Sur les murs, des cadres avec le mot
Allah sont accrochés ici et là. Le salut ultime en l’absence de
solutions tangibles. Il ne reste qu’a souhaiter, prier.
“Tijéni vous a dit qu’il voulait
partir en France clandestinement ? Vu son état, il risque de mourir . Et
moi je ne veux pas le suivre, je ne veux pas mourir en mer et je ne
veux pas qu’il m’abandonne ici. Qui va me protéger s’il part? J’essaye
de le dissuader mais il ne veut rien entendre. Il dit qu’il n’est pas
mieux que ceux qui sont morts et qui avaient toute la vie devant eux.”

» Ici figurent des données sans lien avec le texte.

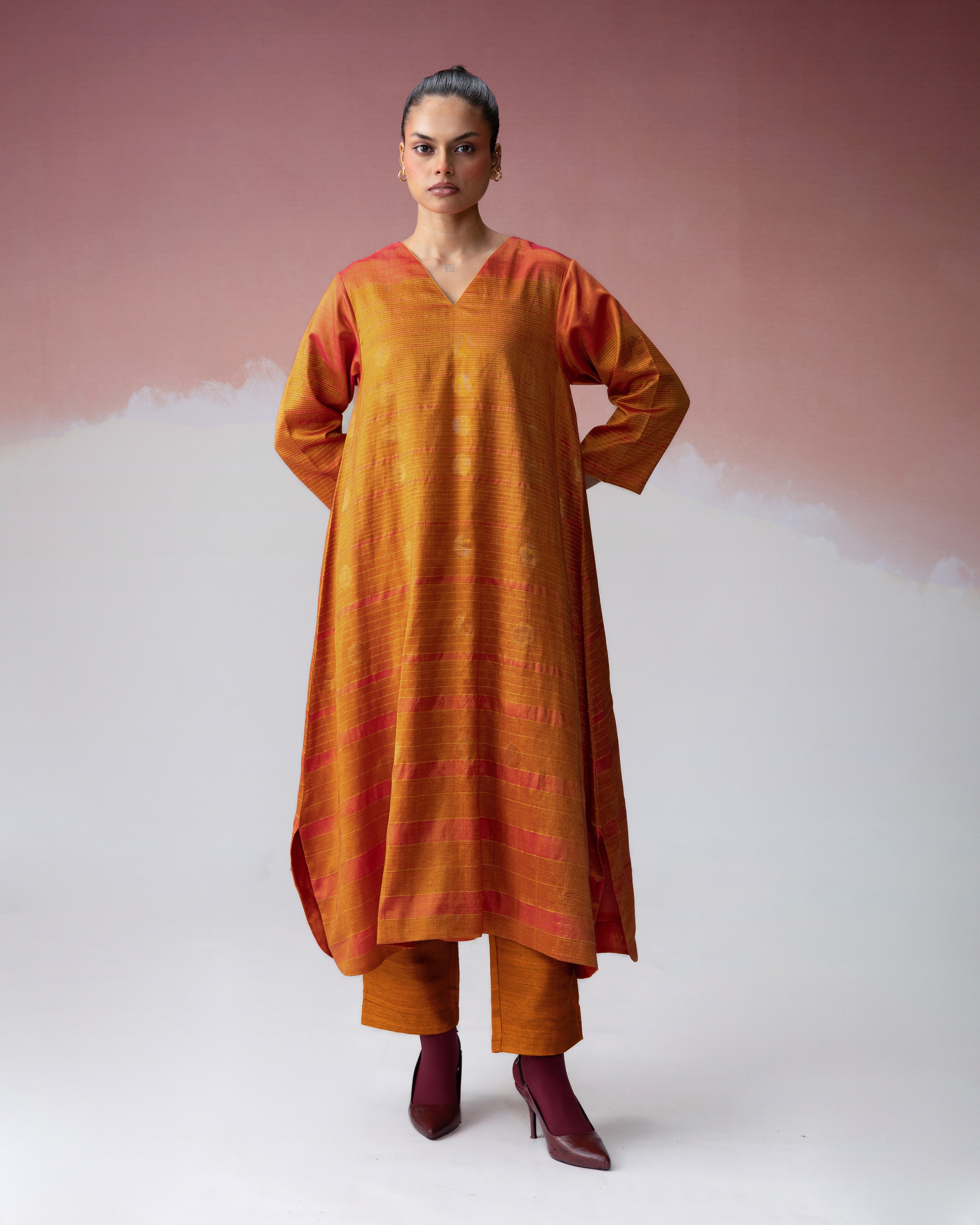Ananyata Lunar Gradient Kurta
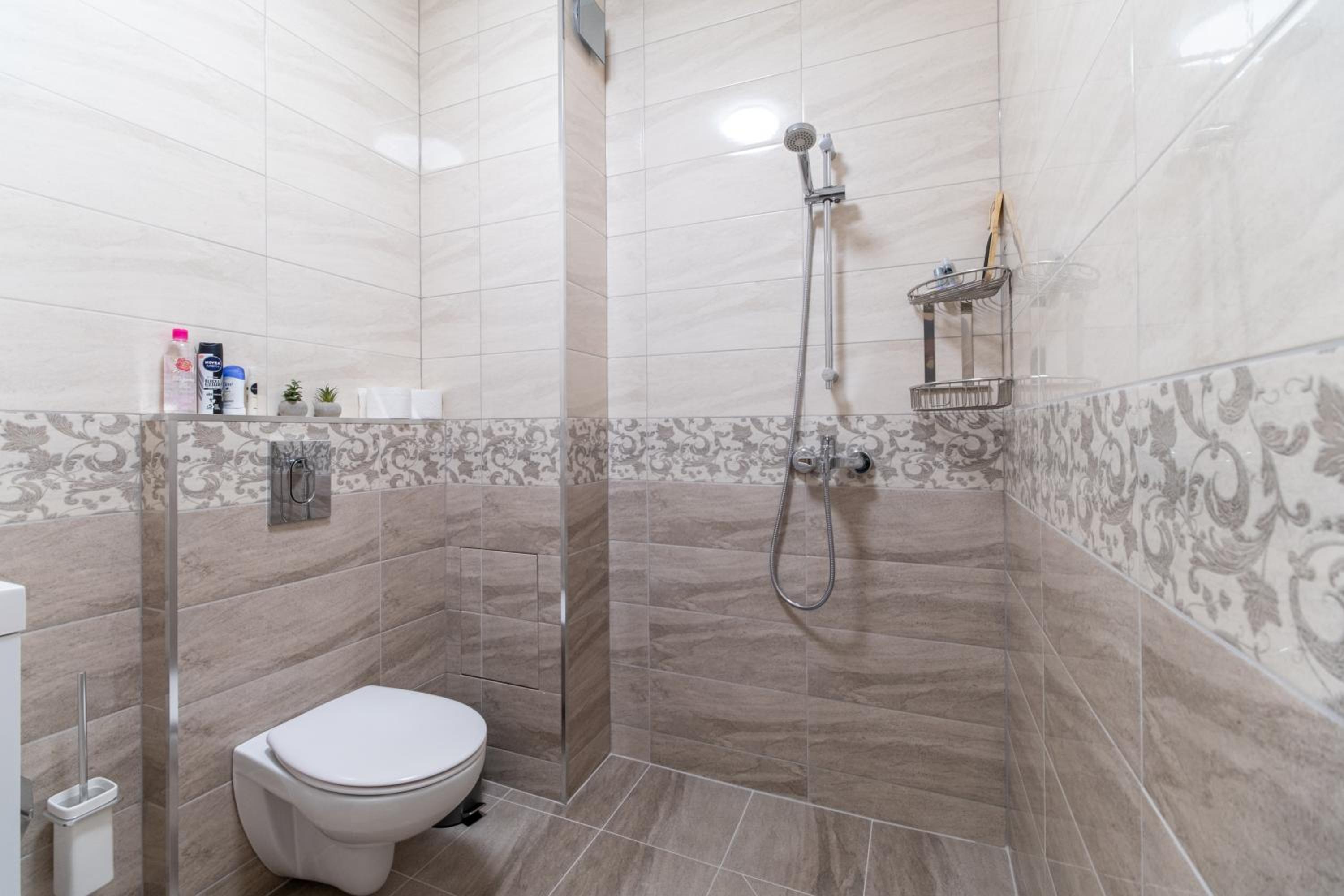 Modern & Elegant City Center Apartments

Tijéni: “ Je le pense encore. Si je trouve comment, je pars. J’ai une cousine à Marseille qui pourra m’aider. ”
Souad l’interrompt: “L’avenir est
sombre, certes, mais à deux il est plus supportable. On doit patienter,
rester forts. On étouffe mais on n’est pas morts non plus. Une maison,
un travail, et c’est réglé. Je suis femme de ménage, mais souvent, il
n’y a pas vraiment de travail. ”
Souad est désespérée malgré sa sagesse.
Elle subit sa situation sans se révolter contre le courant de la vie qui
l’emporte depuis son enfance. Tijéni se bat avec les moyens du bord:
des papiers, des plaintes, des demandes au maire, des opinions
politiques mal structurées, des accusations et la nostalgie d’un commerce florissant.
Tout se mélange dans ce monde de commerçants : politique, voyages clandestins, mensonges, discours rodés
pour raconter son histoire et celle de Sidi Bou Said.